When Romain first moved to Italy 20 years ago, he set out to learn the craft of olive oil from those who’d spent their lives producing it, hanging out in the village piazza playing cards and drinking espresso during the harvest season to absorb their knowledge. With children and grandchildren who’d abandoned family olive oil-making traditions for the city, they were only too happy to oblige.

 

Hand harvesting olives photo credit Vikky Colvin

From the region’s elders, Romain learned when to prune, when to harvest and how to maintain the ecosystem to keep 300 to 500 year old olive trees healthy in Tuscany’s nutrient-rich volcanic soil. He learned that encouraging biodiversity makes the polyphenols that carry both antioxidants and flavor more abundant. He learned that olives are not grown in a vacuum, they are part of an entire ecosystem.

There were other lessons, too: How to carefully harvest the fruit to prevent bruising; when to process the olives (within six to ten hours of collection); and at what temperature its polyphenols are best preserved (a max of around 72 degrees).

 

The New Technology

Just filtered fresh extra virgin Olio Piro olive oil photo credit Vikky Colvin

Romain also discovered that the mill used to process the fruit had a major influence on the oil’s flavor. He’d already been working with a mill versed in the latest technology when the Center of National Research in Italy, an organization Marie-Charlotte describes as the NASA of wine and oil, allowed him to test a prototype triple filter that used extra thin, non-reactive mesh and pressure, not gravity, to press the oil. 

The result was an oil so pure, it had never before been attained.
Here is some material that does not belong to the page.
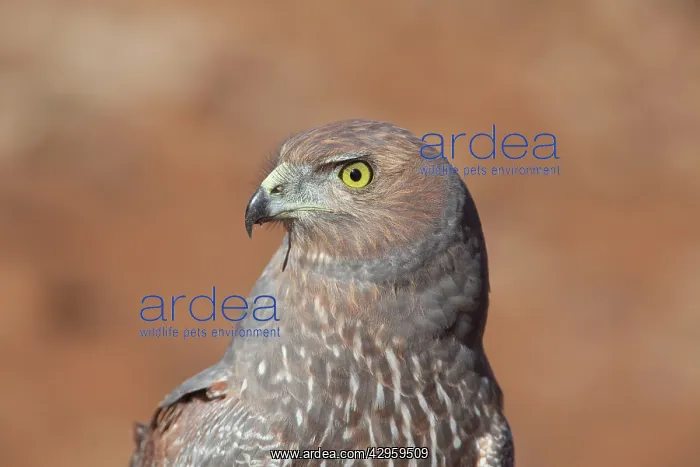  : Spotted Harrier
Compared to regular olive oil, its clean, elegant flavor is like the sound of live music compared to a recording. Romain and his milling partner were so pleased with the filter’s results that they bought the prototype for themselves. 

 

The Purest Oil

Olio Piro 500 ml bottle

The oil’s extreme purity also means that there is virtually no organic residue left over to oxidize over time. Whereas most olive oils lose flavor the longer they are on the shelf, “if you open a bottle of Piro even a year later, it will taste exactly as it was when we bottled it in Tuscany,” says Marie-Charlotte, fresh and aromatic with notes of fresh green grass, artichoke, almond, and tomato leaf.

Unlike other high-antioxidant oils that lose potency over time, the polyphenols in Piro also remain essentially unchanged on the shelf. Its vitamin E content, alone—an antioxidant that has benefits for the heart and brain, and fights inflammation—provides more than 25% of the daily recommended value.

Since entering the U.S. market in 2020, Olio Piro is now sold in around 200 retailers and direct-to-consumers online—with more retail locations on the way this year. Last year, especially, was a breakout one for the brand. Olio Piro generated so much buzz that they sold out of bottles weeks before the 2023 harvest was ready.

“Some olive oils can be too fruity and don’t really have a kick, some can have too much bitterness and they're not exciting,” says Marie-Charlotte. “What makes Olio Piro very special is its purity, health benefits and the fact that it’s still very delicious.”